Data provided: Begin
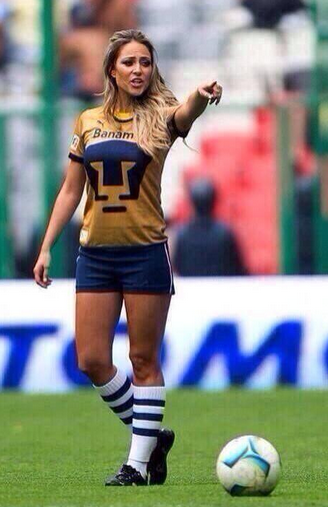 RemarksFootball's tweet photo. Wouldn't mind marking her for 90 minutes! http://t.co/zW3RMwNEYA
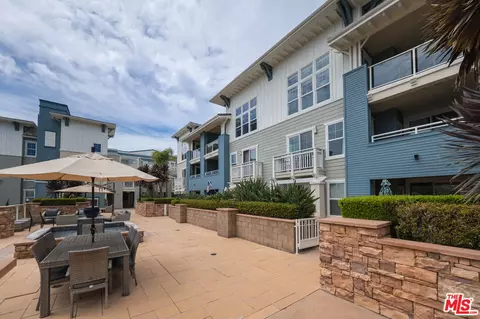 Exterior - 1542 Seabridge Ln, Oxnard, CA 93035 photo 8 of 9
Data provided: End
Data provided: Begin
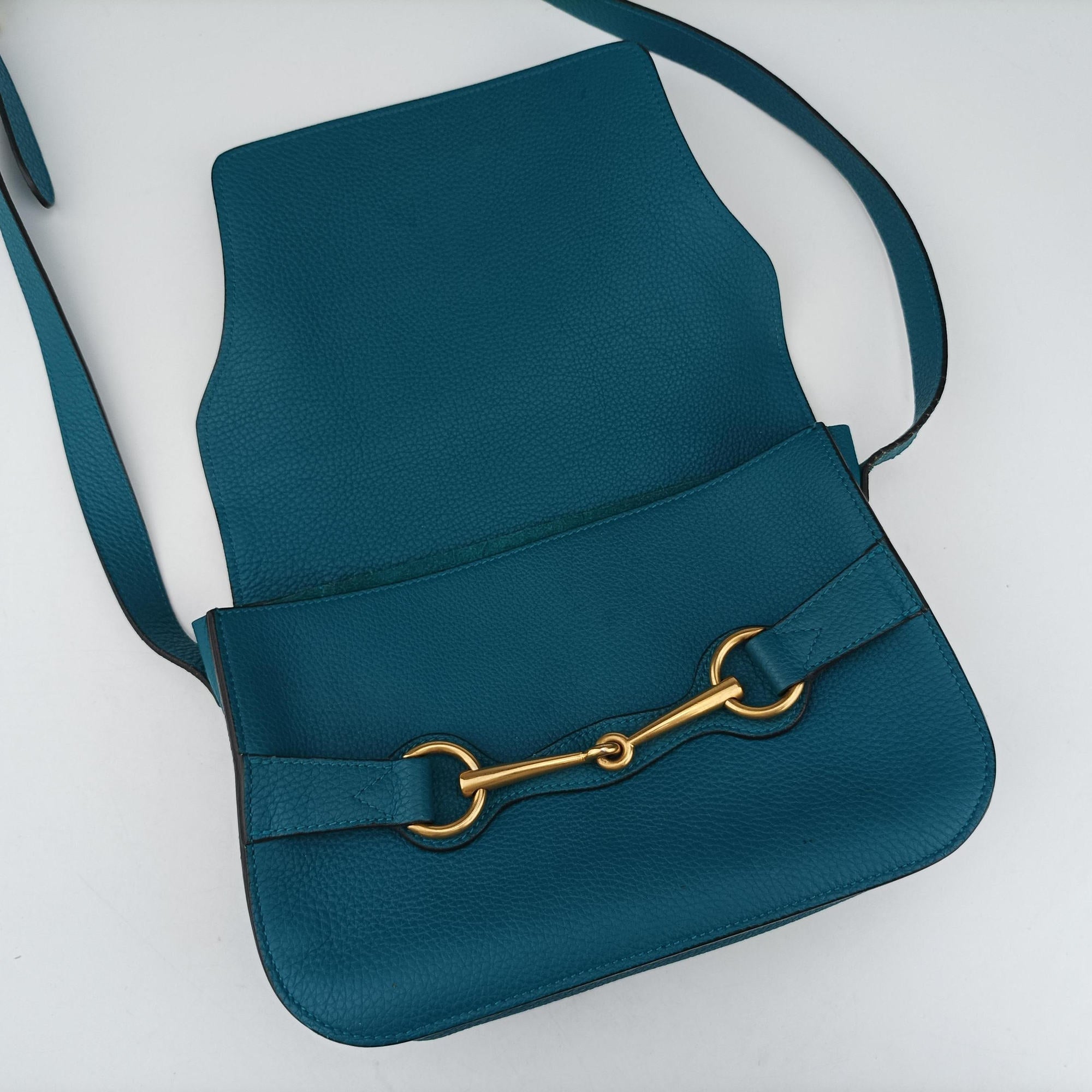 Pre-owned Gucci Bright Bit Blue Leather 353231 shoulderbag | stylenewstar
Data provided: End
Give back exactly the lines above that run from the one with "RemarksFootball's tweet photo." to the one with "Exterior - 1542", including both, with the pictures left out.

 RemarksFootball's tweet photo. Wouldn't mind marking her for 90 minutes! http://t.co/zW3RMwNEYA
 Exterior - 1542 Seabridge Ln, Oxnard, CA 93035 photo 8 of 9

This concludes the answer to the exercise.